Population growth continued to be driven by net migration inflows. A seasonally-adjusted 5,600 net permanent and long-term migrants arrived in July, easing from 5,700 in June. Annual net migration remained elevated at 69,000, although it eased from 69,100 in June and ending the 23-month run of gains. Annual net migration is expected to decline further in coming months as large monthly increases in late 2015 continue to drop out of the annual figures (Figure 3). The recent levelling-off in annual net migration was in line with the BEFU forecast of a peak in the June quarter, although the level was slightly lower than expected.

Figure 3: Net migration inflows
Figure 3: Net migration inflows   .
Source:  Statistics NZ

Migrant arrivals lifted to 125,000 in the year to July from 117,100 in the previous July year, driven by workers and new residents. China, South Africa and Australia showed the largest increases in arrivals. On the other hand, reflecting a fall in student arrivals, Indian migrants declined both on a monthly and annual basis. Annual departures remained stable at 56,000. Net migration is estimated to have contributed to around three-quarters of population growth in the year to June, supporting growth in labour demand and supply.

Seasonally-adjusted short-term visitor arrivals rose 2.9% in July to be up 11.2% in the year to July, which will support tourist spending and travel services exports in the September quarter.

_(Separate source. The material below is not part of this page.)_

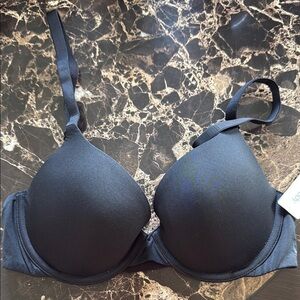 Black Women's Bra by Gap body
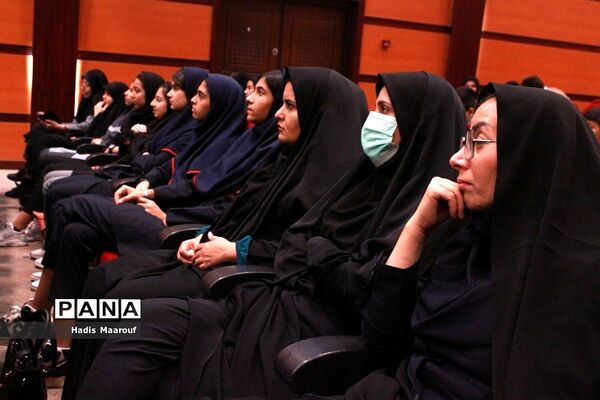 آیین تجلیل از برگزیدگان طرح‌های کارشناسی مشاوره و مراقبت در برابر آسیب‌های اجتماعی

…and supporting business activity and hiring

Business activity expanded further in response to high demand in July. The seasonally-adjusted BNZ-BusinessNZ Performance of Manufacturing Index (55.8) showed a solid pace of expansion in manufacturing activity. A decline in inventories and a lift in new orders point to continued growth in activity over coming months. The Performance of Services Index in July (54.2) also showed steady growth in the services sector despite falling from June (56.4), with high sales and new orders.

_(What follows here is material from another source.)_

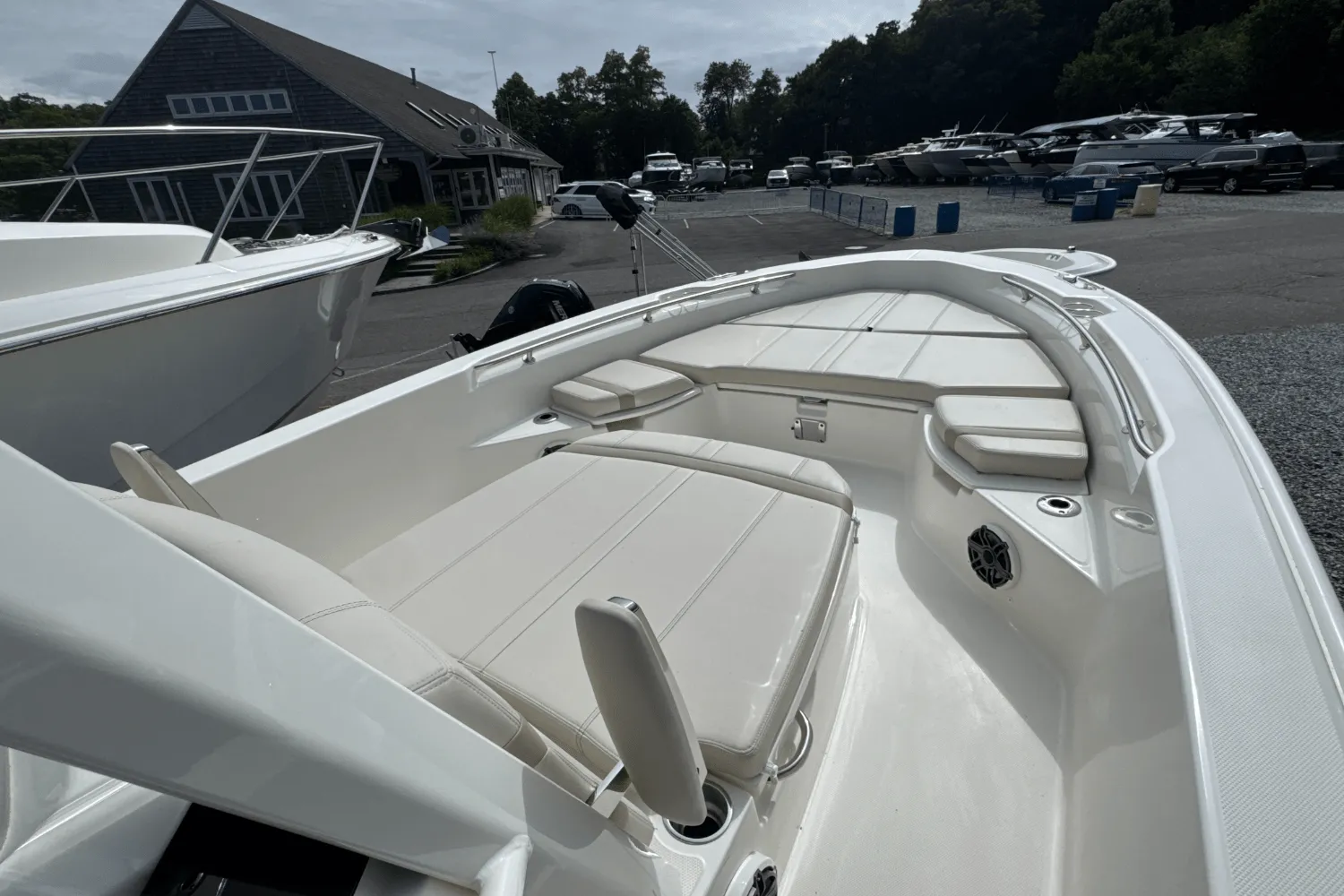 2026 Boston Whaler 250 Dauntless Image Thumbnail #26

The ANZ Business Outlook showed business confidence hitting a 20-month high in August in seasonally-adjusted terms, driven by broad-based improvements across most sectors, particularly in retail trade and manufacturing; in addition, confidence for agricultural businesses continued to pick up on the back of higher dairy prices. Firms’ expectations of their own activity rose to a 21-month high in August after adjusting for seasonal effects, and profit expectations, employment intentions and investment intentions all lifted strongly in August following solid increases in July. In line with rising labour demand, the seasonally-adjusted number of ANZ job advertisements lifted 1.4% in July, the sixth consecutive lift, to be 9.8% higher than July 2015.

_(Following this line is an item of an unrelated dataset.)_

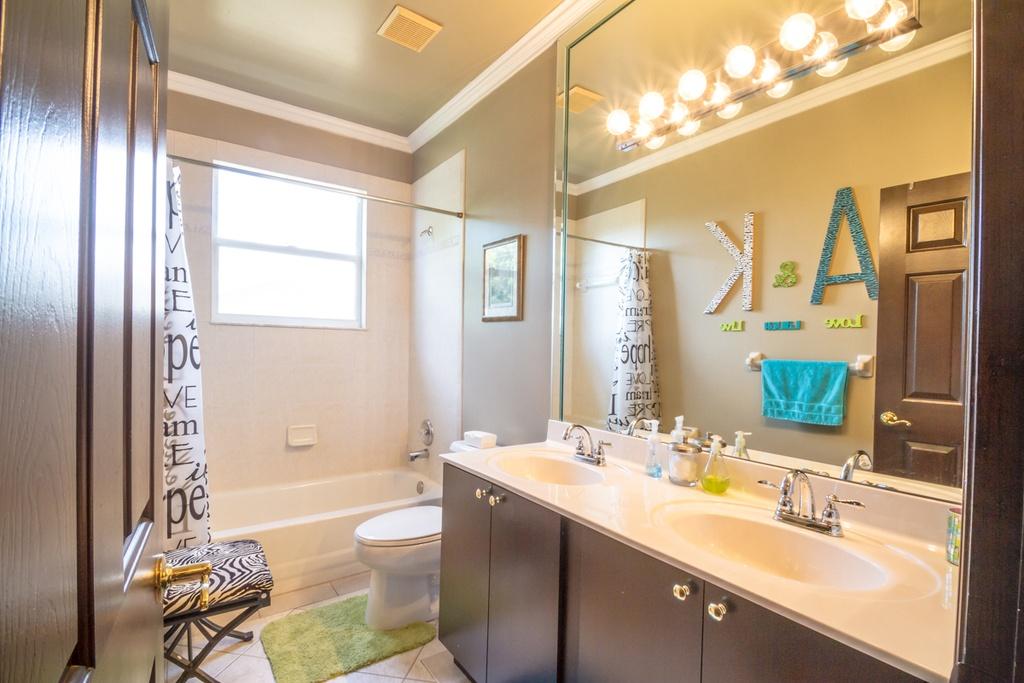 21551 Arbor Way Boca Raton, FL 33433 - Photo 16 of 27 2nd bath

Growth in house prices over the past year…

Housing demand continued to outpace supply across many areas of the country. The Real Estate Institute of New Zealand’s stratified house price index rose 2.2% in July, to be up 16.3% annually. Annual price growth continued to exceed the national average in the North Island outside of Auckland, particularly in Wellington and the Waikato. However, Auckland annual house price growth remains fast at 13.6%. Strong housing demand reflects elevated net migration, low interest rates and higher investor demand. Total household credit grew 8.3% in the year to July, the highest rate of annual growth since May 2008, driven by growth in housing credit (8.8%).

The number of house sales fell around 10% in July from July 2015 as the number of houses listed for sale declined by around a third. The fall in sales in the July month may also reflect the announcement of the proposed tightening in loan-to-value ratios (LVR) by the Reserve Bank and uncertainty around the Auckland Unitary Plan. The Reserve Bank has deferred the start of its proposed LVR tightening from 1 September to 1 October to give retail banks more time to meet the new lending criteria, although many banks are already applying the 40% deposit requirement to new investor mortgages.

…continues to boost construction activity

The high level of Auckland house prices continues to support construction activity in the city, which more than offset a declining trend for Canterbury. The nationwide number of housing consents rose 4.4% in June, while a surge in the volatile apartment consents led total dwelling consents to rise 21.9% in the month. Dwelling consents in the June quarter were 10.9% higher than in the March quarter, pointing to an upswing in residential investment growth in the September quarter (Figure 4), which is expected to be stronger than the BEFU forecast of 1.4%. The number of dwelling consents reversed 10.5% in July from June, but was still up 1.6% from its June quarter average, supporting the outlook for residential investment growth in the December quarter.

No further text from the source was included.